Conductance of the 100 nm pentacene film as a function of applied voltage after positive (a) and negative (b) bias stress. Measurements were taken at five temperatures between 30 °C and 75 °C. Although the conductance is relatively constant at high voltages, the system is clearly not Ohmic as the conductance is observed to change rapidly yet smoothly between −10 V and 10 V.
The activation energy, calculated from the temperature dependence of the conductance data as G = G 0 exp(−E a/kT), is shown as a function of applied voltage for the pentacene film after positive (◯) and negative (●) bias stress.
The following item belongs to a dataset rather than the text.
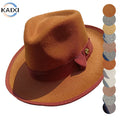 2025 New Style Edged Jazz Men Women Color Blocked Wool Felt Dance Soft Felt Hat Fedora Hat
The activation energy varies over a range of 0.5 eV to 1.0 eV depending on the magnitude and polarity of the applied voltage as well as the direction of the bias stress.
The Arrhenius prefactor, G 0, plotted against the activation energy, E a, after positive (◯) and negative (●) bias stress. The Meyer-Neldel rule is observed for both datasets. The Meyer-Neldel temperature, calculated from the linear regression of ln(G 0) vs E a, is 123 °C. The extrapolated conductance at the Meyer-Neldel temperature is 8.9 × 10−12 S.